In the usual pattern a line is drawn between A. redaction period, involving writers, editors, and even glossators, as subject to literary criticism (i.e., criticism based upon internal, or content, evidence from the text itself) and B. transmission period, involving copyists or scribes, annotations or commentaries, as subject to textual criticism (i.e., criticism based upon external, or material, evidence from manuscripts and other witnesses). This limit corresponds to the fixation of the text, which is admittedly not an instant process (somewhat like the freezing of a river). So the exact line may be endlessly discussed: it's very difficult to distinguish a late (willful) gloss from the later editor from a (still later) scribal marginal note which eventually (and mistakenly) crept into the text.
The usual Bible editions try to stick to this (partly imaginary) line. The standard, btw, is different for the N.T. (where critical editions such as Tischendorf's, Westcott & Hort, or Nestle-Aland, make up a heterogeneous text from all extant manuscripts, which doesn't exactly correspond to any of them) and the O.T. (where the 10th-century-CE masoretic text, as standardized by the Jewish [pharisaic-rabbinical] community, is the main basis except for a few corrections). One could imagine a number of "mini-Bibles", ranging from the non-critical translation of one manuscript as it is (this has been done, in French, for parts of the Western Codex Bezae), to the hypothetical results of textual + literary criticisms: for instance, a translation of a reconstructed Q or Proto-Mark, which are offered in a number of scholarly works...

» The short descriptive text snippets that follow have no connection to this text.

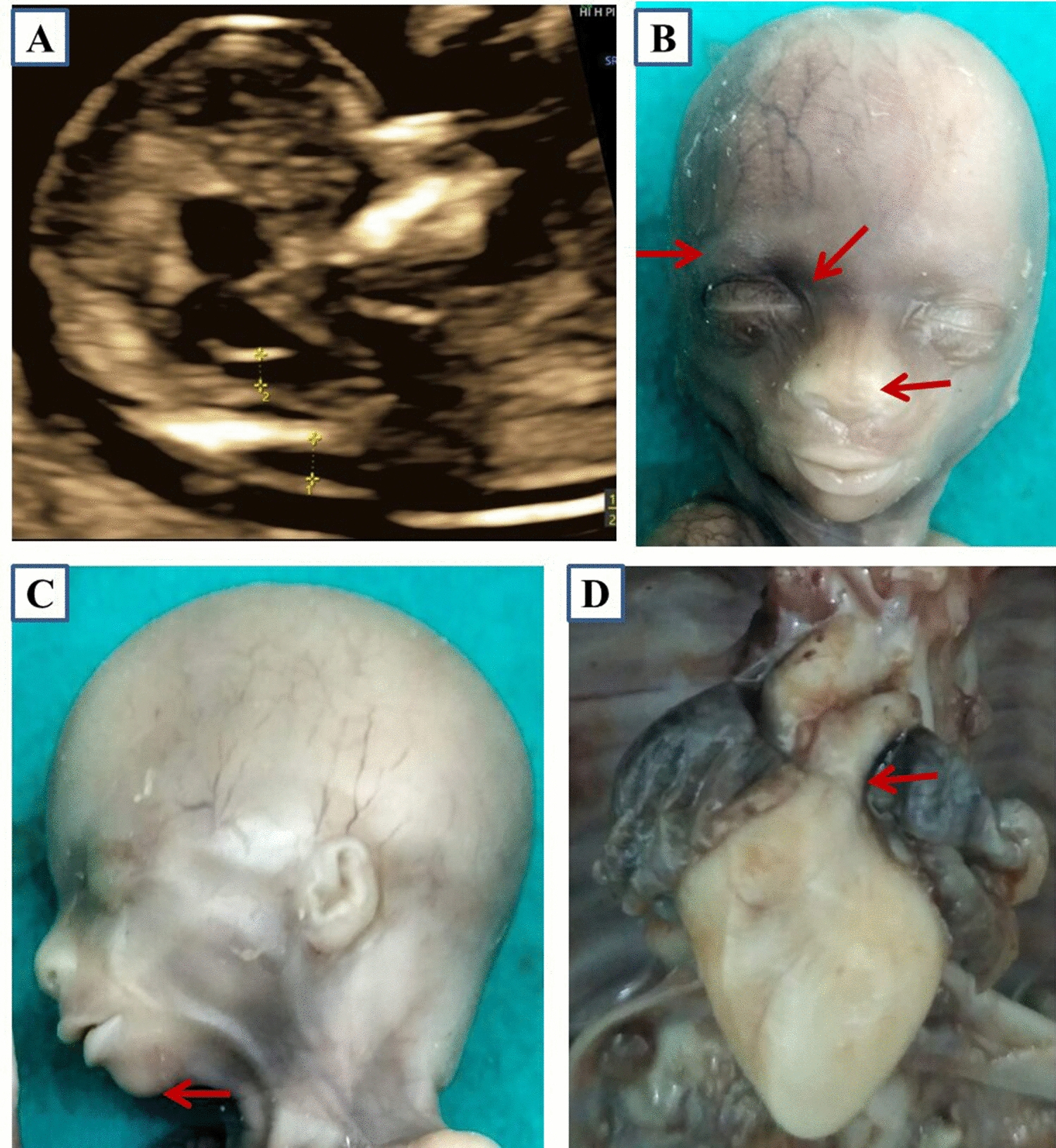 Phenotypic Overlap of 22q11.2 Microduplication and Noonan Syndrome in a Fetus with Increased NT, Facial Dysmorphism, and Narrow Pulmonary Trunk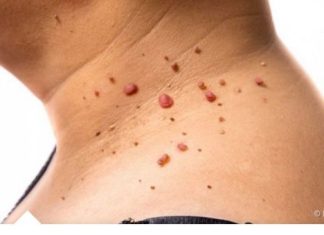 Uklonite papilome jednom radnjom: koristite specifičan prehrambeni proizvod koji ne samo da preporučuju medicinski stručnjaci, već je i lako dostupan u vašem domu.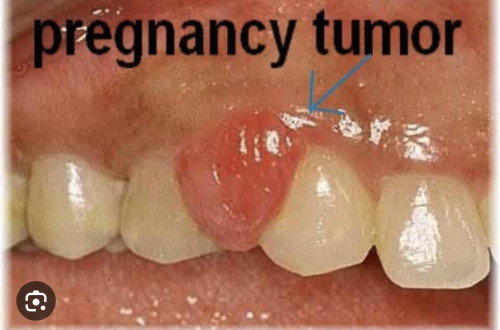 Pregnancy Tumor on gums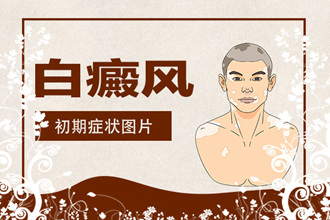 白癜风患者在饮食方面的注意事项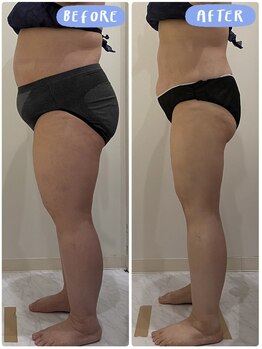 ヴォアール 東静岡店(VOIR)/2ヶ月本気痩せ脂肪冷却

The only conclusion, IMO, is that there is no such thing as one original Bible text. Every stratum of scripture has its interest, and may be studied for itself.
PP:
IMO Tatian's Diatessaron (which includes some very late Gospel texts, such as GJohn's Prologue) implies the general fixation of the four Gospels, inasmuch as it didn't change them but was composed (and eventually rejected) as still another book. As for the logia sources such as Q or GThomas (and perhaps Justin's collections), one must take into account that they are not just compilations of disconnected sayings, but literary compositions involving a part of inventio (Kloppenborg) as well as the canonical Gospels.